April 15 – the deadline for filing income tax returns – is a day when Americans, and particularly the media, reflect on what we pay and, hopefully, what we get in return for tax dollars. Unfortunately, a lot of that reflection is informed by misinformation, distorted information, and urban legends that just plain aren’t true. We’ve blogged on this before, but in honor of “tax day,” here’s a run down of the facts:
- Low-, not high-, income Californians pay the largest share of their income in state and local taxes. Here’s an updated analysis of data we’ve blogged about before that takes into account the temporary tax increase included as part of the February budget agreement.
- California is a moderate, not high, tax state when all state and local taxes and fees are taken into account. This results from the fact that California has moderately high state taxes, but low local property taxes due to the impact of Proposition 13 on local property tax collections.
- High-income Californians aren’t leaving the state due to higher taxes. In fact, the number of millionaire taxpayers is growing at a rate that far exceeds the increase in the number of personal income taxpayers as a whole.

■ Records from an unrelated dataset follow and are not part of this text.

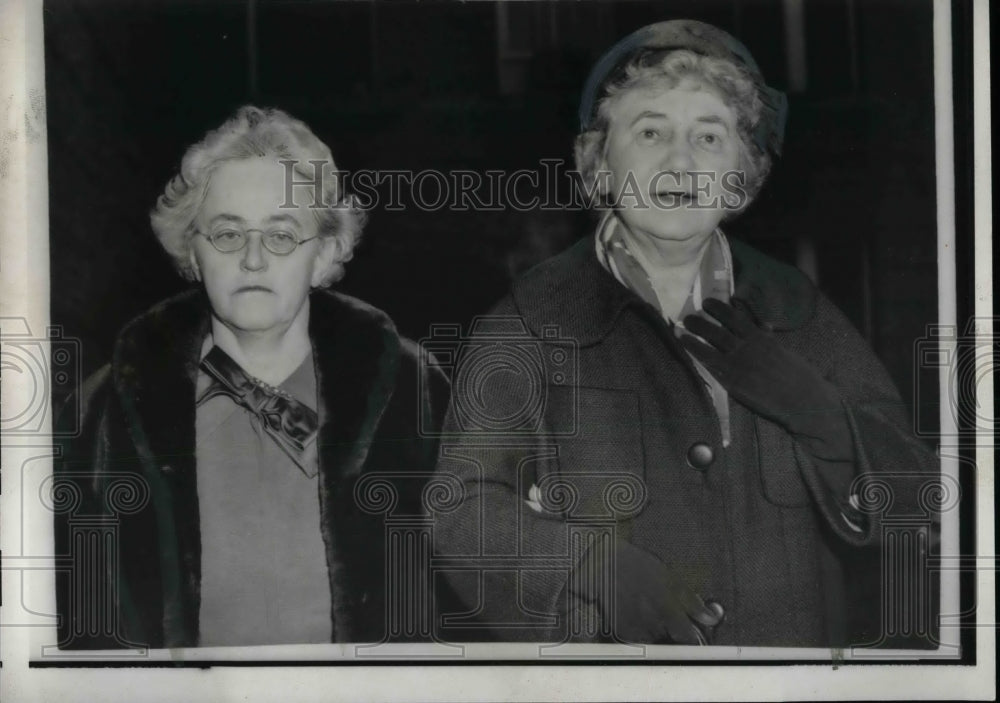 1959 Press Photo Mrs John Foster Dullas Wife of Sec of State &amp; Mrs Elanor Dullas-Historic Images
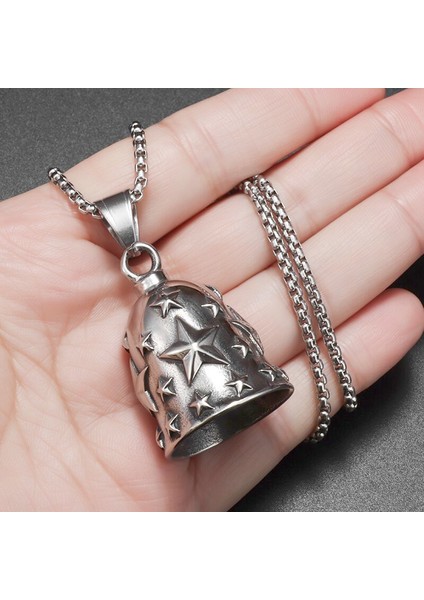 AL12821 Punk Kırmızı ve Siyah Haçlı Motosiklet Çan Kolye Kolye Şeytan Çıkarma Şanslı Çan Erkekler ın Bisiklet Bisiklet Guardian Bell Takı (Yurt Dışından)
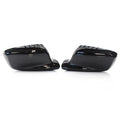 2X Door Wing Side Mirror Cover Cap for BMW E46 E65 E66 (2000–2006)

- Over the past 15 years, lawmakers have enacted tax cuts that will cost the state nearly $12 billion in 2008-09. That’s a larger loss than the $11.0 billion 2009-10 temporary increase in state tax revenues included in the February budget agreement.
- Moreover, while the tax increases included in the budget are all temporary, regardless of the outcome of the May election, the September 2008 and February 2009 budget agreements included massive corporate tax cuts that are permanent and that will reduce state revenues by approximately $2.5 billion per year when fully implemented.
And finally, our friends at the Oregon Center for Public Policy (OCPP) offer an interesting history lesson for the organizers of the tax day “tea parties” around the country. The OCPP notes that, “Misunderstood by many, the real Boston Tea Party of 1773 was a protest not against taxation but against a tax cut for a multinational corporation of the day…The Boston Tea Party, in which American colonists dumped British tea into Boston Harbor, was an act of defiance against the Tea Act of 1773, which gave a tax break to the British East India Company. As noted by the Boston Tea Party Historical Society, the tax break was an effort by the British Crown to help the East India Company establish a tea monopoly in the American colonies.”
Don’t forget to file your taxes. And while you are at it, don’t forget to add the “use tax” you owe on your out-of-state Internet purchases!